Inductance, capacitance, and magnetic Hall effect measurements were all used in position sensor designs [1,2,3,4,5,6,7,8]. In automobile systems, most position sensors are Hall-based. As vehicle systems are increasingly automated [9], such as an electric vehicles (EVs), battery electric vehicles (BEVs), hybrid electric vehicles (HEVs), plug-in hybrid electric vehicles (PHEVs), and fuel cell electric vehicles (FCEVs) [10], become more commonplace, the sensitivity of vehicle position sensors to the external magnetic field caused by the high currents in the harness surrounding engine, motor, and battery increasingly affected safety and accuracy, especially near the long-stroke (LS) position. In particular, the tight safety specifications in ISO26262 [11], as well as other industry requirements, become difficult to meet. The accuracy of a 12 mm LS position sensor is generally required by international manufacturers to be within ±1% at full-scale output (FSO) [12]. Because fail-safe operational systems use redundant system functions in an architecture that allows transition to a backup system if a malfunction occurs in the primary system, global IC component suppliers are beginning to offer double and triple dies within a single package to support the need for redundancy without occupying more physical space [13,14]. Additionally, they try to offer a safety function IC for the external magnetic field [7,12,15,16].

Globally, 80% of position sensors are Hall-based. Many algorithms were proposed to improve Hall position sensors, including the chopper-stabilized differential switched-capacitor-filtering technique [17], CMOS chopper amplifier [18], 2D CMOS integrated Hall sensor [19], circular vertical Hall (CVH) technology [6,20,21], and three-dimensional (3D) magnetic sensors [22,23,24,25]. Of these, the gradiometric 3D Hall sensor and CVH Hall-based sensor are the newest. Both are commonly employed as long-stroke position sensors worldwide and will be used in this study as the standards of comparison.

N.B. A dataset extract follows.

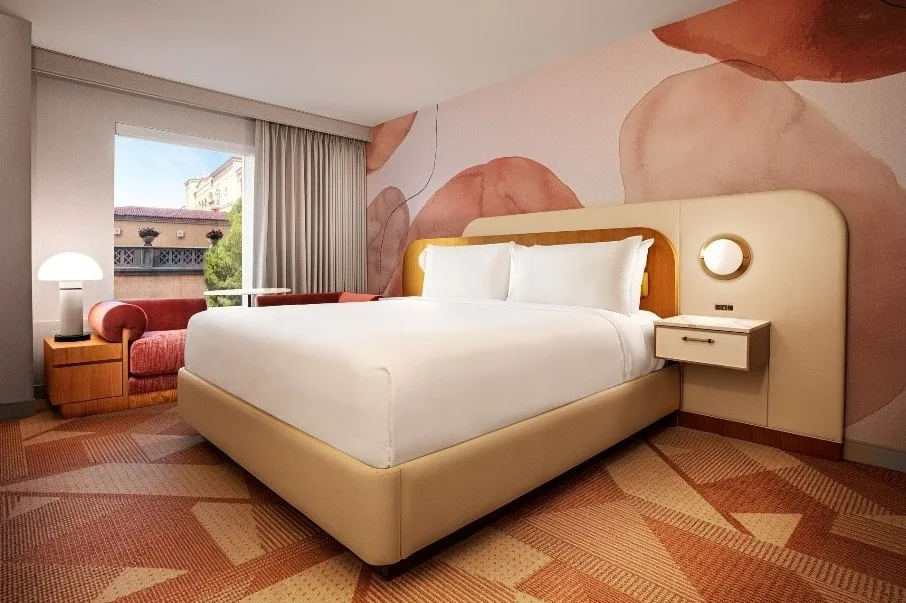MGM's renovated hotel room with a pink floral accent wall, pink couch below the window, and king bed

Even the gradiometric 3D Hall-based sensors MLX90333, A31315, and A1335 [24,25,26] exhibit failure modes in external magnetic fields (EXMFs) and LS application. As Hall-based sensors use permanent magnets and react to magnetic fields with frequencies under 1 MHz, giant magnetoresistance (GMR) is considered more sensitive [27,28,29]. In the case of the 3D GMR position sensor, although the performance is good in terms of accuracy, it results in much worse results in terms of stability and safety. In the case of the recent 3D Hall sensor, the safety point of view, even redundant two-die or triple-die integrated Hall-based sensors using the highly accurate arctangent algorithm [30], can lose main target data in EXMFs or with an LS over 12 mm. Therefore, even double- or triple-die integrated designs are eventually useless because the target is lost, violating the main safety goal.

This study’s main novelty is the development of an over-12 mm LS sensor that is accurate and does not miss the target position. Most previous designers tried to make long-position sensors based on the Hall effect, but such sensors cannot meet the accuracy and safety requirements for harsh automotive environments with EXMFs. Therefore, this paper focuses on comparing 3D Hall sensors to an IPS optimized for long-stroke position sensing and safety in automotive–environment magnetic fields.

Setting a threshold distance of 12 mm for the LS position, we compared current 3D Hall sensors, including ones using arctangent methods, to another type of sensor, the inductive position sensor (IPS) [31]. We propose the following hypotheses:

First, we hypothesize that an IPS is much more robust to external magnetic fields when a high frequency (e.g., 3.5 MHz) is used with the induced raw magnetic field. Whereas EXMFs typically have frequencies under 150 kHz, the induced raw magnetic field can have a frequency in the range of 2.2–5.6 MHz. This range is not used under automotive electromagnetic compatibility (EMC) specifications, which apply under 2 MHz and over 5.9 MHz, according to the CISPR 25, 3rd edition frequency range (e.g., Hyundai Kia Motors Company EMC standard ES-96200) [9]. The frequency we choose is 3.5 MHz. Because this is in the middle of the unused EMC frequency band, the IPS does not lose the target position when exposed to an external magnetic field (under 150 kHz); at the same time, automotive EMC requirements can also be satisfied. This is the most important factor for automotive safety and ISO26262 compliance.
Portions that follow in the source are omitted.